I am by no means a computer programmer, let alone an expert in artificial intelligence. But I have done a lot of research on AI and machine learning in the context of deepfakes. In this post, I summarise some of the key concepts underpinning how deepfakes are made.
Artificial intelligence is often associated with a system such as Skynet, the computer with superintelligence that stars, albeit off screen, as the antagonist in the Terminator films. Such computers are often portrayed as sentient and self-aware, and may one day replicate or potentially even surpass human intelligence to form cultures or societies of their own. But this sort of AI, known as ‘general’ or ‘strong’, is – for the time being, at least – purely hypothetical. On the other hand, AI which is ‘narrow’ or ‘weak’ is already fairly commonplace, and refers to a goal-oriented system programmed to follow certain rules and master a specific task.
To do so, a human programmer will code the algorithm with a step-by-step procedure involving calculations and various rules to follow, which in turn leads to a certain outcome.

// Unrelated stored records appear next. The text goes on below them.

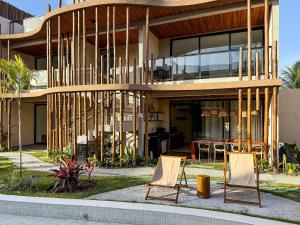 deux chaises assises devant un bâtiment dans l'établissement Flat premium no Naay Villas Boutique para 8 pessoas, à Tatuamunha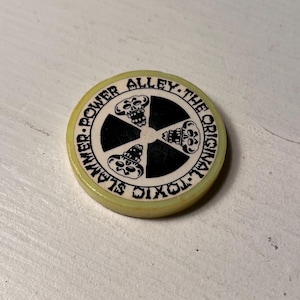 May include: A round, off-white token with the text "POWER ALLEY - THE ORIGINAL - TOXIC SLAMMER" encircling a black and white graphic of a skull and crossbones design. The token has a yellow-green edge.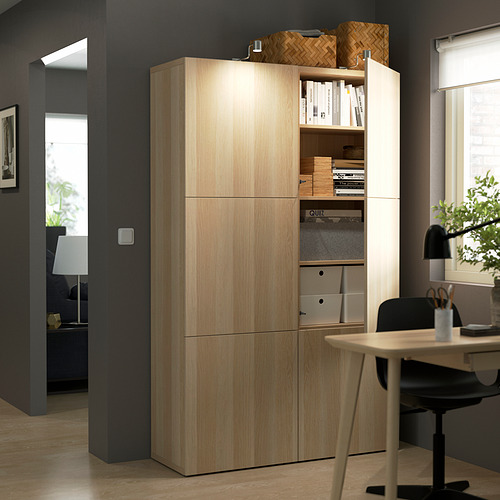 Light wood storage unit with open shelves holding books and baskets, closed cabinets below. Perfect for home office organization.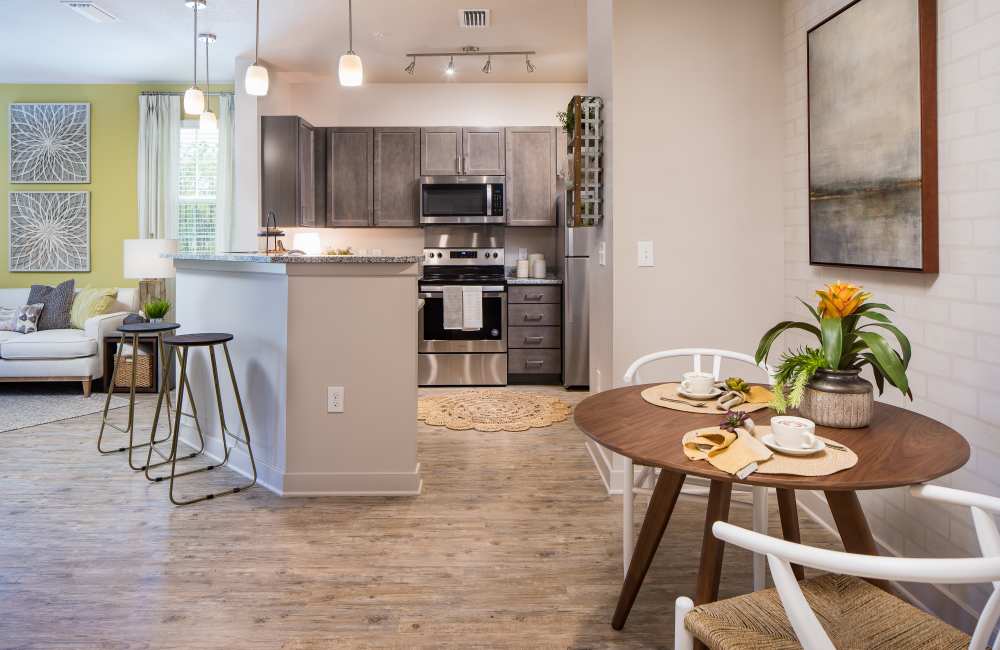 An open kitchen with coffee table and chairs at Pier Park Crossings in Panama City Beach, Florida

Examples of narrow AI in the film and television industry include Netflix’s algorithm, which suggests a series for you to binge watch, or even software such as Cinelytic, which can read through scripts and offer predictions on its box office success (which I’ve also written about here). Using the Netflix example, if subscriber repeatedly gives a thumbs up to shows of a certain genre, an outcome of the algorithm may be to push shows labelled with the same genre to the top of the viewer’s recommendations.
Machine Learning & GAN
Machine learning is a subset of narrow AI, but one which does not rely on a set of pre-programmed rules to make decisions or generate an outcome. Instead, machine learning algorithms acquire their own ‘knowledge’, just as people learn through repetition and experience. With image recognition, a system will be shown thousands of labelled datasets, and thereby trained to identify images based on certain attributes and features. When the system incorrectly identifies an image, it adjusts the biases and weights of its various nodes.

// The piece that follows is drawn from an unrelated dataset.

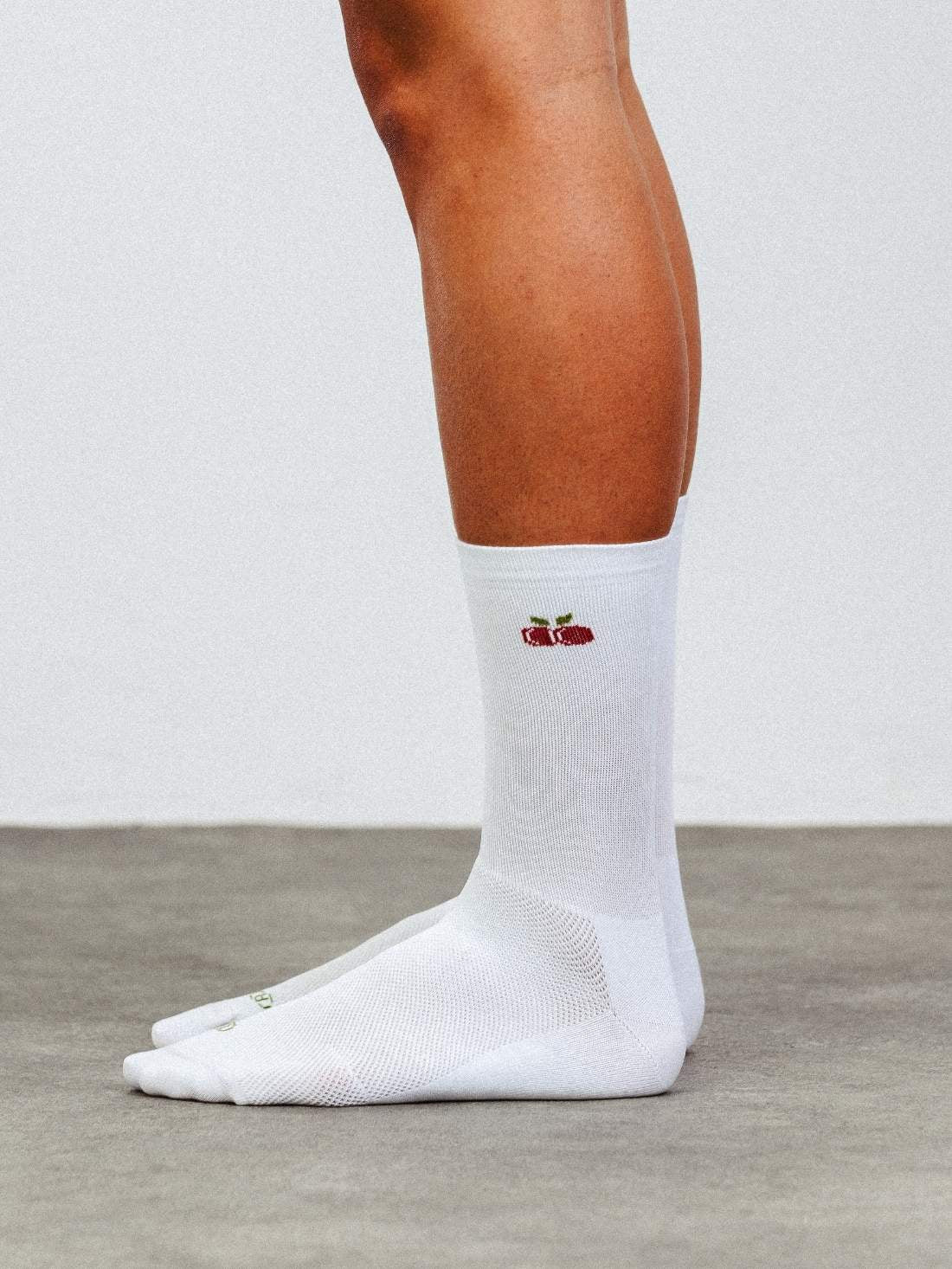 Side profile of white cycling socks featuring a red cherry fruit pattern and high compression fit.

Despite the sophistication of machine learning, the training process and coding of features still depended upon extensive input from human programmers. This changed in the early 2010s, when computer scientists developed a special type of deep learning known as the generative adversarial network, or GAN. Deep learning, so-called because it utilises multiple or ‘deep’ layers of a system’s nodes, works to progressively extract increasingly nuanced features from the datasets. The GAN can essentially teach itself, because two algorithms are pitted against each other as ‘adversaries’ – one to teach, and the other to learn – which requires no human supervision.
New research suggests that the incredible diversity of human faces is the result of evolutionary pressure to make each of us easily recognisable. Because we are particularly adept at distinguishing different faces from each other, we can easily sense when something looks weird or unnatural. That eerie and unnerving sensation you gets when looking at a lifelike robot or computer game character even has its own name: the uncanny valley. But the GAN has made it possible to create incredibly accurate depictions of one of the most difficult images of all: the human face.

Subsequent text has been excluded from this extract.